Y ramener la démocratie? Pas nécessaire si le pays lui donne accès à son immense réserve de pétrole lourd. Il en ajoute même un couche en disant que cet or noir appartient de facto aux USA à cause des investissements faits par l’industrie dans les 100 dernières années. Mais du même souffle, il déplore la piètre qualité des infrastructures existantes.
L’épouse du conseiller à la Maison Blanche Stephen Miller, tant qu’à être partis, affichait sur X une image du Groenland couvert du drapeau américain, soulevant l’ire du Danemark et du Premier ministre Groenlandais.
Le bal colonial est redémarré et Donald va aller jusqu’au bout. De quel bout on parle? Ça dépend de la patience de la Chine et de la Russie, voire même de l’Europe.
Trump est un entrepreneur qui a prouvé à maintes reprises qu’il avait les yeux plus grands que la panse. Pas moins de 6 fois depuis 1991, l’homme d’affaires a dû déposer son bilan et déclarer faillite ou céder ses actifs. Et curieusement, la majorité de ses déboires l’ont été concernant ses investissements dans les casinos.
L’homme a le profil typique du joueur compulsif. Il joue jusqu’à ce qu’il ne lui reste plus rien. C’est ça qui fait peur. Car dès qu’il gagne, il mise encore et encore, ignorant la sage maxime « Take the money and run ».

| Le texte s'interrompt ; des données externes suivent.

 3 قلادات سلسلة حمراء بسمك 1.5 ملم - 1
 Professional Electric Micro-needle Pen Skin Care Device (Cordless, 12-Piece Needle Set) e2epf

Il a commencé par insulter des chefs d’États, a ensuite fait assassiner un général iranien, a foutu un peu le bordel dans le conflit ukrainien en plus de souhaiter un club Med à la place de Gaza. S’en est suivi un bal d’intimidation envers le Canada, le Groenland et le Mexique, en plus du Vénézuéla, de Cuba et de la Colombie.
Selon la Fondation Bertelsmann en 2024, il y avait 74 autocraties contre 63 démocraties sur 137 pays étudiés, marquant une augmentation des régimes non-démocratiques dans le monde. Beaucoup de ceux-ci sont des fournisseur de l’occident en métaux rares, en pétrole ou en main-d’oeuvre à bon marché. La plupart ne dérangent pas Donald car c’est ce climat politique qui fait que c’est rentable pour son Amérique.
Les pays qui tentent de rentabiliser leurs ressources eux-mêmes… c’est plus compliqué. Le Chili, Cuba, l’Iran, l’Irak et le Vénézuéla, plus récemment, ne survivent pas longtemps à l’écart du joug colonialiste américain.
Il y a deux sortes de dictateurs : les bons dictateurs, qui acceptent de danser avec l’oncle Sam et les mauvais dictateurs qui ont décidé de danser en solo.
Dans les deux cas, les droits fondamentaux des citoyens sont bafoués. Ceux-ci doivent se soumettre ou devenir de la chair à canon pour garder un statu quo difficilement acceptable pour quiconque y passerait une semaine. Et y’a les immigrants, ceux qui échappent à ce système, soigneusement mis en place par les coloniaux et qui affluent aux postes frontières, avides d’une liberté qui ne devrait jamais être un privilège.
Est-ce au Groenland que Donald va déclarer faillite ou au Canada… ou plus loin encore?
C’est à suivre avec intérêt… et une bonne dose d’inquiétude.